Problem to solve: Your copy should begin with the line containing "Linen-Blend Striped Seersucker", end with the line containing "thumbnail image 1", match the listing below exactly, and contain no pictures.

Recorded information:

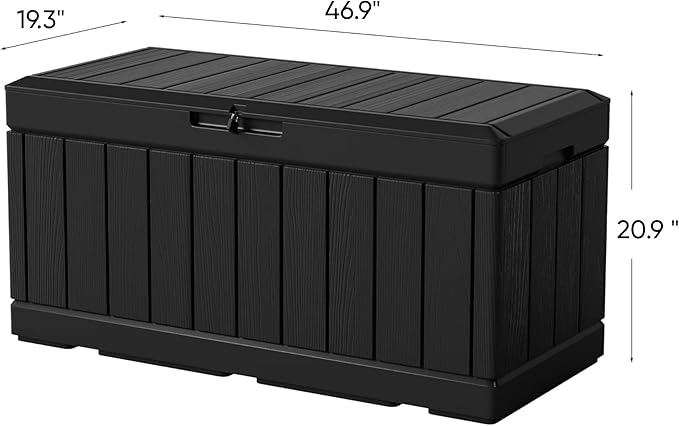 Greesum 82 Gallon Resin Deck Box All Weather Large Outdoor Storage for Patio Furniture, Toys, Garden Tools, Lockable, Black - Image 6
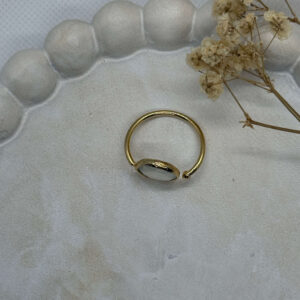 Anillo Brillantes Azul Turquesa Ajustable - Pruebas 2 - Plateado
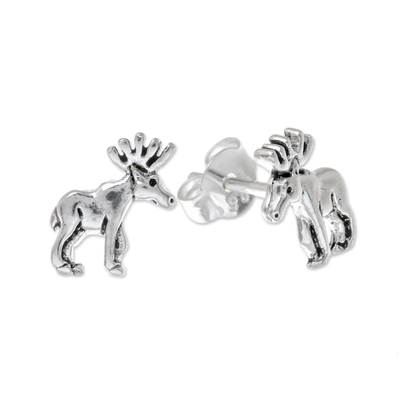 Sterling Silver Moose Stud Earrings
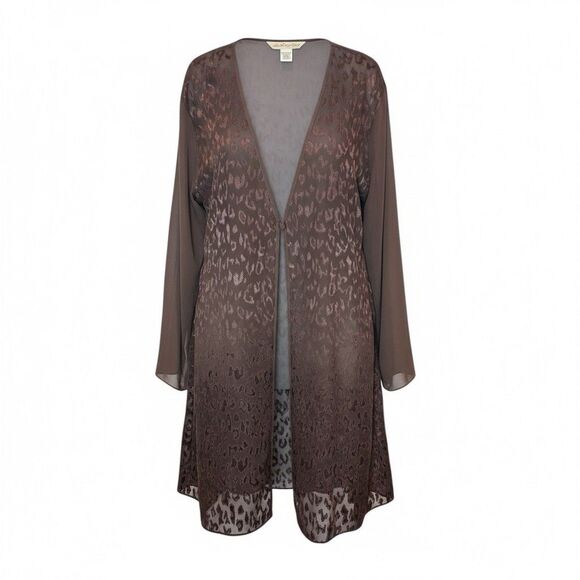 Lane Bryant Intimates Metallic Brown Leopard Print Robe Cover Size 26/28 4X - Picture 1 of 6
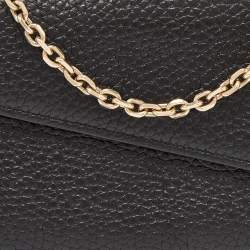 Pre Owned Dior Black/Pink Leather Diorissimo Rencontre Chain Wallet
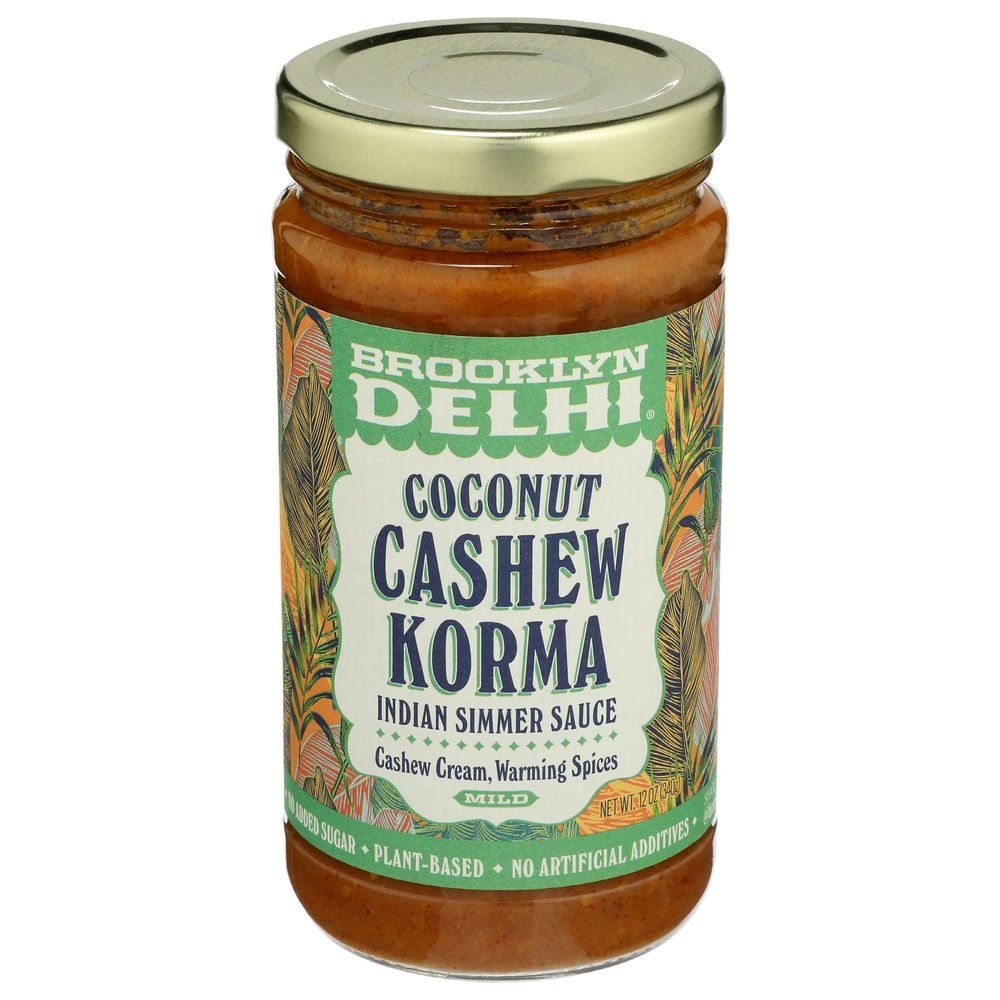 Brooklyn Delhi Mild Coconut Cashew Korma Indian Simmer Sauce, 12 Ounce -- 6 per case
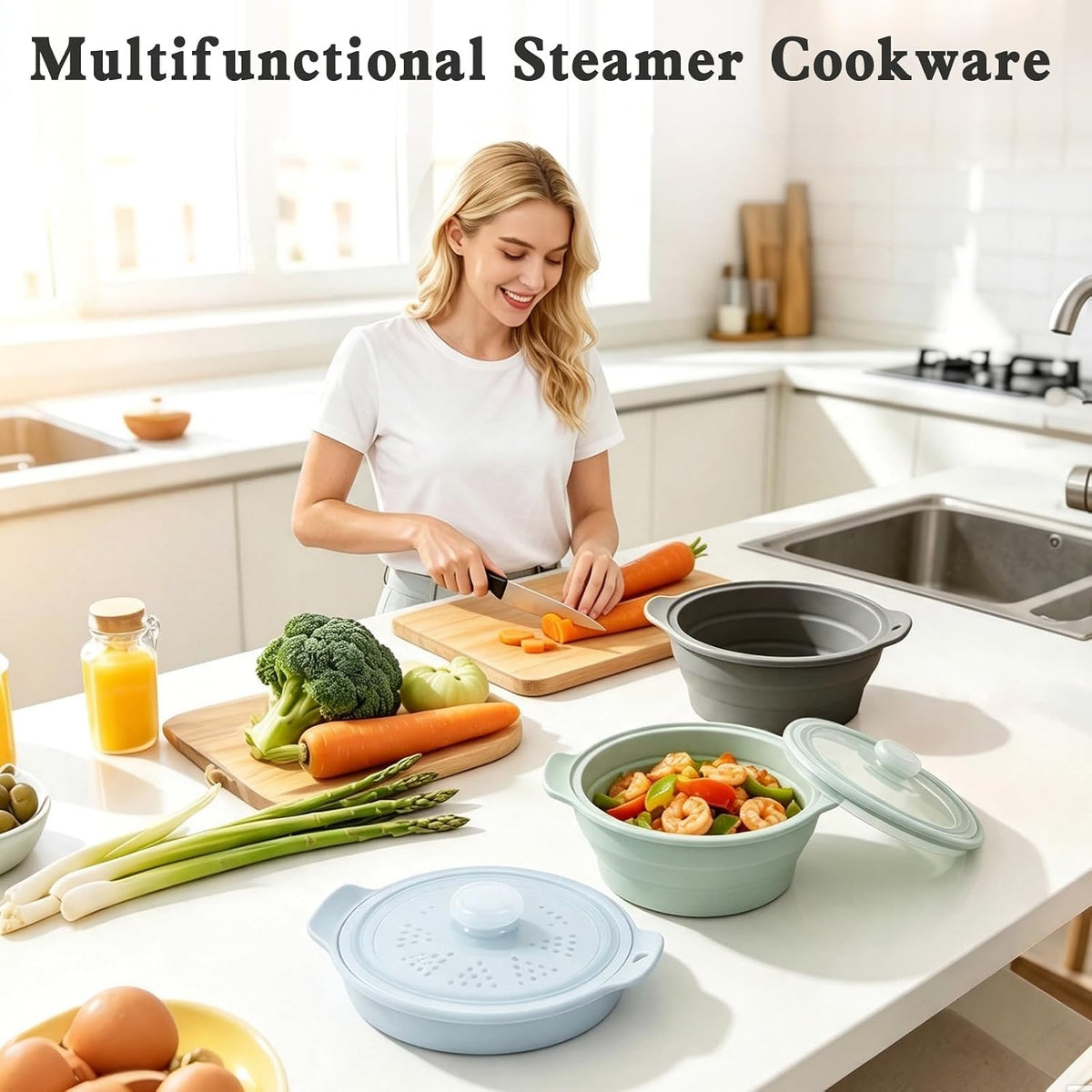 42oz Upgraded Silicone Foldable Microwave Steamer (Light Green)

---

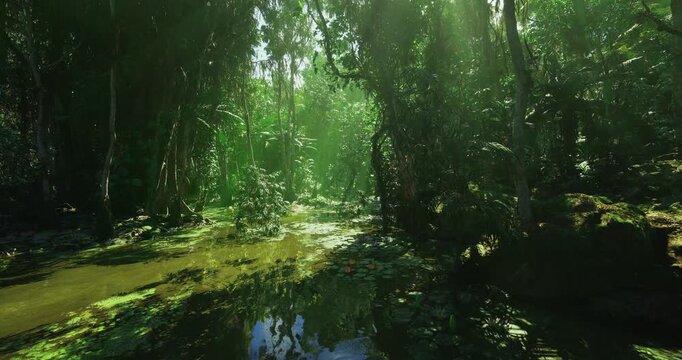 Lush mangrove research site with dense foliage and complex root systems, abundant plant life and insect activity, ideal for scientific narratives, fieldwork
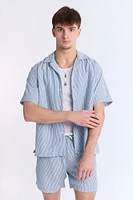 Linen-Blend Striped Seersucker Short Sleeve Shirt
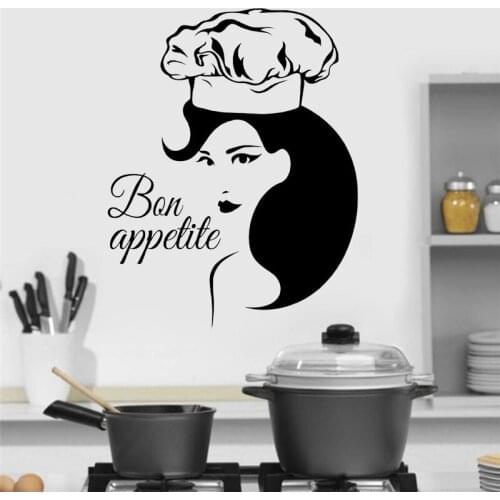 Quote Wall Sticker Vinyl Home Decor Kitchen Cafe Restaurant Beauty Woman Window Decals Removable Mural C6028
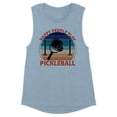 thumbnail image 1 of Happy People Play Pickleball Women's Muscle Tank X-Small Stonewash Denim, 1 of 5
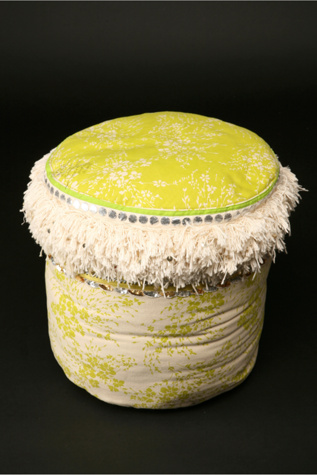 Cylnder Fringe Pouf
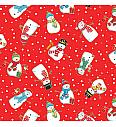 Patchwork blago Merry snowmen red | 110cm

* * *

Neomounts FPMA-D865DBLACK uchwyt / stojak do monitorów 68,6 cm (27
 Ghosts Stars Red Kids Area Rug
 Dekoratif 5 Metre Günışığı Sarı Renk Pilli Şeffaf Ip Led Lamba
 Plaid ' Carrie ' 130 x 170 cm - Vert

Solution:
 Linen-Blend Striped Seersucker Short Sleeve Shirt
 Quote Wall Sticker Vinyl Home Decor Kitchen Cafe Restaurant Beauty Woman Window Decals Removable Mural C6028
 thumbnail image 1 of Happy People Play Pickleball Women's Muscle Tank X-Small Stonewash Denim, 1 of 5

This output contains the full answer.